Our Q1 net loss was $7 million or $0.31 per share. The net loss included $962,000 of stock based compensation, equivalent $0.03 per share.
Our backlog was $41.7 million at quarter end, and included two 200 Lean's and two Lean Solar systems. Our 200 Lean backlog has increased to three systems since our quarter end.
I will now discuss the balance sheet. We ended the quarter with cash and investments of $128.4 million, or approximately $5.63 per share. The decline from the fourth quarter was due primarily to the payment of our variable compensation programs in the first-quarter. Capital expenditures totaled $2.6 million and depreciation and amortization totaled $1.4 million for the quarter.
I'll now provide guidance for the second quarter of 2011. We are projecting consolidated Q2 revenues of $21 million to $26.5 million, which includes two to three 200 Lean's and no Solar systems recognized in the quarter. We expect second quarter gross margins to remain essentially flat and be in the range of 37.5% to 38%. Operating expenses are expected to be in the range of $15.5 million to $16 million, approximately flat to Q1. These operating expenses do not include any adjustments to the fair value estimates of contingent consideration payments related to our recent acquisition.
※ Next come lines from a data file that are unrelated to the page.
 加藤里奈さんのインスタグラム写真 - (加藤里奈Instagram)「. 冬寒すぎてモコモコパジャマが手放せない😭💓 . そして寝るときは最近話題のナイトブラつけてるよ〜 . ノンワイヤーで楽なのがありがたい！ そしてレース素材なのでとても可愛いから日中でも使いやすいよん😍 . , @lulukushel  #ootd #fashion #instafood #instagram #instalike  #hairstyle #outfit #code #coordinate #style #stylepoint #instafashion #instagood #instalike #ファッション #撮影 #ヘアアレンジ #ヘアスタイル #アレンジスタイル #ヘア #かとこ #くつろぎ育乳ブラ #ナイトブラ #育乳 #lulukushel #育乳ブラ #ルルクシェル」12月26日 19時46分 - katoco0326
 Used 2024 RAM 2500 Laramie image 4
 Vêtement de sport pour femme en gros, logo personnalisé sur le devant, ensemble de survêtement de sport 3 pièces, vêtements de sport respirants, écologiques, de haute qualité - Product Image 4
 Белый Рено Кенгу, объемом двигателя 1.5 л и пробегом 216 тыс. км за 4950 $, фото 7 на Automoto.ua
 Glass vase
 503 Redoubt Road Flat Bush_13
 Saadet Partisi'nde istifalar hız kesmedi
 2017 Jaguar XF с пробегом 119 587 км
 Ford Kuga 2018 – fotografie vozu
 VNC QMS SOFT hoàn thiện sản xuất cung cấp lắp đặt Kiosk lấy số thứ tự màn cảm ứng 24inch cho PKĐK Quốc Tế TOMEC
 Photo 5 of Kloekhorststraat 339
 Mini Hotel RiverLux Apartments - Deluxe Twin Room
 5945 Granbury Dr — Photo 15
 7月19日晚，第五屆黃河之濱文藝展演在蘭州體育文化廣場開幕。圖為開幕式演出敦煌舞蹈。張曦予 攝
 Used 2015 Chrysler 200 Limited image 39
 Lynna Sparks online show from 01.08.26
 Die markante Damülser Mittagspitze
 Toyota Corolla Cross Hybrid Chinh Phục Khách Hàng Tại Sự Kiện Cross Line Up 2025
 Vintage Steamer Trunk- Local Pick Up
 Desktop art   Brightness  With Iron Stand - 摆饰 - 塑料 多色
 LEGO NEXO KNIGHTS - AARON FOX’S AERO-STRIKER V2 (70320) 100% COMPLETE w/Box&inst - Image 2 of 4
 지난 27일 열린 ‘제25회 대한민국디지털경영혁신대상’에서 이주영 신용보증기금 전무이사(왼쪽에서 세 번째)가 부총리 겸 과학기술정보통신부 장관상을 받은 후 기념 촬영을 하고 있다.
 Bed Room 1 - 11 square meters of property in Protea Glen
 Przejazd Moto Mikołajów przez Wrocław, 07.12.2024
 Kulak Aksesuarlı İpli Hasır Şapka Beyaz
Other income will be approximately $200,000 and excludes any impact with changes to the valuation of our investments or foreign exchange.
For Q2 we are projecting a net loss in the range of $0.19 to $0.24 per share. As Kevin discussed earlier, the visibility for our hard drive business remains limited. And as a result, we will not be providing annual guidance on this call. That being said, we continue to expect revenue from equipment service and upgrades to be in the range of $30 million to $35 million, and Photonics revenues to be roughly flat year-over-year. At this point we see revenues from new products in the range of $10 million to $15 million, because of shifts in timings of our customers capacity expansions and the timing of revenue recognition.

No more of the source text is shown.